Initial commit

STU-Z · Nov 10, 2020 · 94ec79a · 94ec79a
commit 94ec79a
Show file tree

Hide file tree

Showing 19 changed files with 255,735 additions and 0 deletions.
diff --git a/cuda-filter/Makefile b/cuda-filter/Makefile
@@ -0,0 +1,186 @@
+################################################################################
+#
+# Copyright 1993-2019 NVIDIA Corporation.  All rights reserved.
+#
+# NOTICE TO USER:
+#
+# This source code is subject to NVIDIA ownership rights under U.S. and
+# international Copyright laws.
+#
+# NVIDIA MAKES NO REPRESENTATION ABOUT THE SUITABILITY OF THIS SOURCE
+# CODE FOR ANY PURPOSE.  IT IS PROVIDED "AS IS" WITHOUT EXPRESS OR
+# IMPLIED WARRANTY OF ANY KIND.  NVIDIA DISCLAIMS ALL WARRANTIES WITH
+# REGARD TO THIS SOURCE CODE, INCLUDING ALL IMPLIED WARRANTIES OF
+# MERCHANTABILITY, NONINFRINGEMENT, AND FITNESS FOR A PARTICULAR PURPOSE.
+# IN NO EVENT SHALL NVIDIA BE LIABLE FOR ANY SPECIAL, INDIRECT, INCIDENTAL,
+# OR CONSEQUENTIAL DAMAGES, OR ANY DAMAGES WHATSOEVER RESULTING FROM LOSS
+# OF USE, DATA OR PROFITS, WHETHER IN AN ACTION OF CONTRACT, NEGLIGENCE
+# OR OTHER TORTIOUS ACTION, ARISING OUT OF OR IN CONNECTION WITH THE USE
+# OR PERFORMANCE OF THIS SOURCE CODE.
+#
+# U.S. Government End Users.  This source code is a "commercial item" as
+# that term is defined at 48 C.F.R. 2.101 (OCT 1995), consisting  of
+# "commercial computer software" and "commercial computer software
+# documentation" as such terms are used in 48 C.F.R. 12.212 (SEPT 1995)
+# and is provided to the U.S. Government only as a commercial end item.
+# Consistent with 48 C.F.R.12.212 and 48 C.F.R. 227.7202-1 through
+# 227.7202-4 (JUNE 1995), all U.S. Government End Users acquire the
+# source code with only those rights set forth herein.
+#
+################################################################################
+
+#Get default CUDA version installed by dep package
+CUDAVERSION ?= cuda-$(shell dpkg -l | grep cuda-core | sed -e "s/ \{1,\}/ /g" | cut -d ' ' -f 3 | cut -d '.' -f 1,2 | sed -e "s/-.*//g" | sort -n | tail -n 1)
+
+CHECK_CUDA := 0
+CHECK_CUDA := $(shell if [ -x "/usr/local/$(CUDAVERSION)" ]; then echo 1; fi;)
+
+CUDNN_PATH ?=
+
+ifneq ($(CHECK_CUDA), 1)
+    #no version info, use cuda default path
+    CUDAVERSION := cuda
+    CHECK_CUDA := $(shell if [ -x "/usr/local/$(CUDAVERSION)" ]; then echo 1; fi;)

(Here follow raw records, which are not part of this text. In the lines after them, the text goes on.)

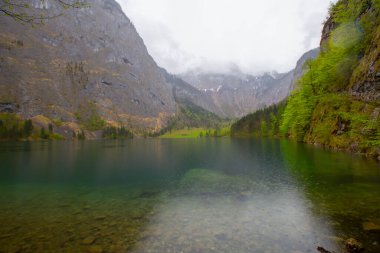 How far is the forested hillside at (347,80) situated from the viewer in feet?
152

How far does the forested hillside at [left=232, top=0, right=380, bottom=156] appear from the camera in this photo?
46188 mm

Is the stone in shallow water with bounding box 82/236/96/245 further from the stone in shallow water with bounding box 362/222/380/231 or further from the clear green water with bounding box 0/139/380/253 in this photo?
the stone in shallow water with bounding box 362/222/380/231

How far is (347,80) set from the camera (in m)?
61.5

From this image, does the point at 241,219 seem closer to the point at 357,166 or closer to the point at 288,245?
the point at 288,245

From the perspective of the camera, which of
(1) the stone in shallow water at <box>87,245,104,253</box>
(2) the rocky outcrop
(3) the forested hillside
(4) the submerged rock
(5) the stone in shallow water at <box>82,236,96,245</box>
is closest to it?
(4) the submerged rock

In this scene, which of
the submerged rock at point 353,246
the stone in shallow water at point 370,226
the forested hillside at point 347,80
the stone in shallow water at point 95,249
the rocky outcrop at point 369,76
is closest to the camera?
the submerged rock at point 353,246

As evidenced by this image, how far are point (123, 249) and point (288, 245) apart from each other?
9.10 meters

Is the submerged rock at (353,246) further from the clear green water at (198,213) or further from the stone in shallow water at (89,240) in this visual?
the stone in shallow water at (89,240)

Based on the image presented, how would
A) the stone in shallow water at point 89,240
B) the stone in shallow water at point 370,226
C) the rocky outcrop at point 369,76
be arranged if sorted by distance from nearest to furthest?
the stone in shallow water at point 89,240
the stone in shallow water at point 370,226
the rocky outcrop at point 369,76

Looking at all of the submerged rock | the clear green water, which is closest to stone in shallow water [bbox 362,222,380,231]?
the clear green water

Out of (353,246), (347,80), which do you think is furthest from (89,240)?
(347,80)

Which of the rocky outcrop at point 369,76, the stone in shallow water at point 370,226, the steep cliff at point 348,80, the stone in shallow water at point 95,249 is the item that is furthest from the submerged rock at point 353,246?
the rocky outcrop at point 369,76

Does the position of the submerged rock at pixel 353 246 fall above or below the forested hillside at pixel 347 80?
below

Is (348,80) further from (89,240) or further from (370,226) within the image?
(89,240)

+    $(info USE Default CUDA DIR: /usr/local/$(CUDAVERSION))
+    ifneq ($(CHECK_CUDA), 1)
+        $(error $("Please install cuda package"))
+    endif
+endif
+
+LIBDIR := lib64
+
+TARGET_ARCH ?= $(shell uname -m)
+
+$(info TARGET_ARCH: $(TARGET_ARCH))
+
+ifeq ($(TARGET_ARCH), aarch64)
+    ifeq ($(shell uname -m), aarch64)
+        CC = g++
+    else
+        CC = aarch64-linux-gnu-g++
+    endif
+    NVCC = /usr/local/$(CUDAVERSION)/bin/nvcc -m64 -ccbin $(CC)

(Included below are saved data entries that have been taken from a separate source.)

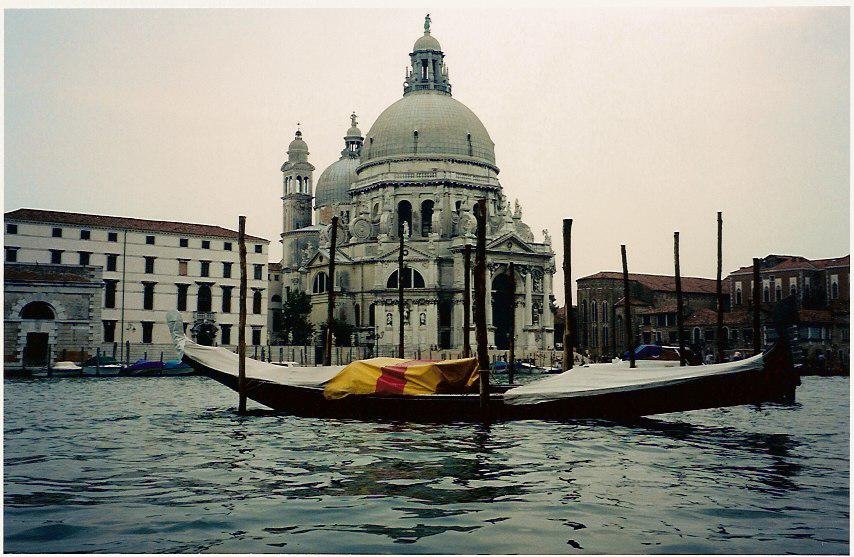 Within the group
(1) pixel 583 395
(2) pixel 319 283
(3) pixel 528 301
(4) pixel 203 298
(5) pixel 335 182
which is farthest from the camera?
(5) pixel 335 182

+else ifeq ($(TARGET_ARCH), x86_64)
+    CC = g++
+    NVCC = /usr/local/$(CUDAVERSION)/bin/nvcc -m64
+else
+    $(error Auto-detection of platform failed. Please specify one of the following arguments to make: TARGET_ARCH=[aarch64|x86_64])
+endif
+
+CXXFLAGS        += -std=c++11
+CCFLAGS         += -D_REENTRANT
+LDFLAGS         += -Wl,--allow-shlib-undefined -pthread
+#CCFLAGS         += -D_GLIBCXX_USE_CXX11_ABI=0
+
+dbg ?= 0
+# show libraries used by linker in debug mode
+ifeq ($(dbg),1)
+    $(info dbg: $(dbg))
+	CCFLAGS     += -g
+	NVCCFLAGS   += -G --ptxas-options=-v
+	LDFLAGS += -Wl,--trace
+endif
+
+ifeq ($(TARGET_ARCH), x86_64)
+CUDA_VERSION := $(shell cat /usr/local/$(CUDAVERSION)/targets/x86_64-linux/include/cuda.h |grep "define CUDA_VERSION" |awk '{print $$3}') 
+endif
+ifeq ($(TARGET_ARCH), ppc64le)
+CUDA_VERSION := $(shell cat /usr/local/$(CUDAVERSION)/targets/ppc64le-linux/include/cuda.h |grep "define CUDA_VERSION" |awk '{print $$3}') 
+endif
+ifeq ($(TARGET_ARCH), aarch64)
+CUDA_VERSION := $(shell cat /usr/local/$(CUDAVERSION)/targets/aarch64-linux/include/cuda.h |grep "define CUDA_VERSION" |awk '{print $$3}') 
+endif
+
+CUDA_VERSION := $(strip $(CUDA_VERSION))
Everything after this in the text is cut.